→ WHAT IS BEING ASKED
For the records that follow, please set down exactly the lines between the one holding "Reporter woman holding" and the one holding "Photo of Beautiful", inclusive, and only those.

→ RECORDS PROVIDED
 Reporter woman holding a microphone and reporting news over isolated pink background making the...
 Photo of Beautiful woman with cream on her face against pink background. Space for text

...

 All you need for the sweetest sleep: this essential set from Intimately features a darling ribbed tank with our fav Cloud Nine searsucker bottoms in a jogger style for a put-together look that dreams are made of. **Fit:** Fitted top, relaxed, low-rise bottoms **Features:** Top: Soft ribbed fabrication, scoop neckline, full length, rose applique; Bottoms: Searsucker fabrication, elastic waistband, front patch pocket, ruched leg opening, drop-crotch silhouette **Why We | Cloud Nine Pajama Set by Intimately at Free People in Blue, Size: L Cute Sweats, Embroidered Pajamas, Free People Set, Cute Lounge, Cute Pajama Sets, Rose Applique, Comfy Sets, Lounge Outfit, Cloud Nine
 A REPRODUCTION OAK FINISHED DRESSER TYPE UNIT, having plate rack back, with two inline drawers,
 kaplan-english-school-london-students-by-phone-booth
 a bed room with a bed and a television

==

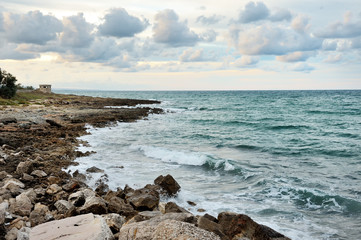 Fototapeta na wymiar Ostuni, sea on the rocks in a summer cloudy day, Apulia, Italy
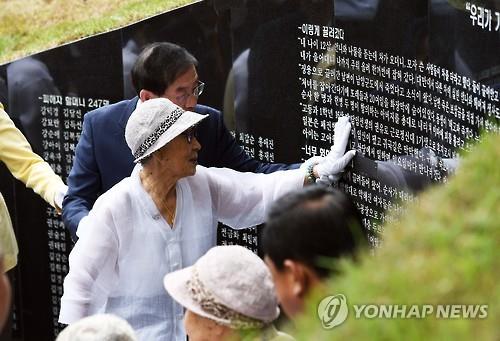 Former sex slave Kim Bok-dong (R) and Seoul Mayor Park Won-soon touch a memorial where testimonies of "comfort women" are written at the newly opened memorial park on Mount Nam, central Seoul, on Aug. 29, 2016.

→ RESPONSE BOX
 Reporter woman holding a microphone and reporting news over isolated pink background making the...
 Photo of Beautiful woman with cream on her face against pink background. Space for text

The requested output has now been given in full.